Absolutely beautiful. I have some fabric like this (the sequined piece), and I tried hand-stitching a doggy bikini out of it. I failed miserably; for some reason I just could not get it to look right. Any tips? I paid quite a bit of money for those tiny bits of fabric, and I'd like to actually use them, lol...


----------



## KritterMom (Mar 17, 2012)

Lynngraves. I haven't made bikinis for dogs yet. BUT! What you can do is use a cotton fabric for the lining of the bikini, cut it out according to the pattern. now cut a regularer piece of the sequin and sew the cotton to it. Than cut around to match the cotton fabric and turn inside out. Make sure your cotton has been prewashed and ironed. It helps a ton. If you find that thats not how you want to do it. Get some parcel paper, like wax paper but without the wax, and place that on top of the sequin fabric when you sew, also make sure you have needles meant for a knit fabric too. The needles are call ball point. 

I truly hope that helped. 

I know this is late answering the question. Poshy Pups got swamped for Christmas outfits and I was sewing pratically none stop for two months. 

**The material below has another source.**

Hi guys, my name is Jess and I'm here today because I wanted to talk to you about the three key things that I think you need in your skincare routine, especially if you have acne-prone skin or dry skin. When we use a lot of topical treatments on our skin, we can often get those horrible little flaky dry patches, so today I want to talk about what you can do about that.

Thank you everyone for the compliments.


----------



## WinniesMum (Jan 20, 2013)

This is lovely! Can I ask how you made the skirt?
x


----------



## Chrissie (Jan 21, 2013)

Very pretty dress 


Sent from my iPhone using Petguide.com Free App


----------



## KritterMom (Mar 17, 2012)

Thank you


----------



## Buildthemskywards (Jun 16, 2012)

I was asked to draw this dress but in pink by Victoria. Thanks again for passing her my details by the way


----------



## lynngraves (Jan 9, 2013)

I believe I had satin fabric for the "lining," which might have been my problem.  I'll try the cotton idea...and I may need to look for ball-point needles as well. Thanks for the suggestion!


----------



## Fortheloveofthechi (Jan 4, 2013)

Wow that is beautiful you should sell them I would absolutely buy at least two of them for my girls


Sent from Petguide.com Free App


----------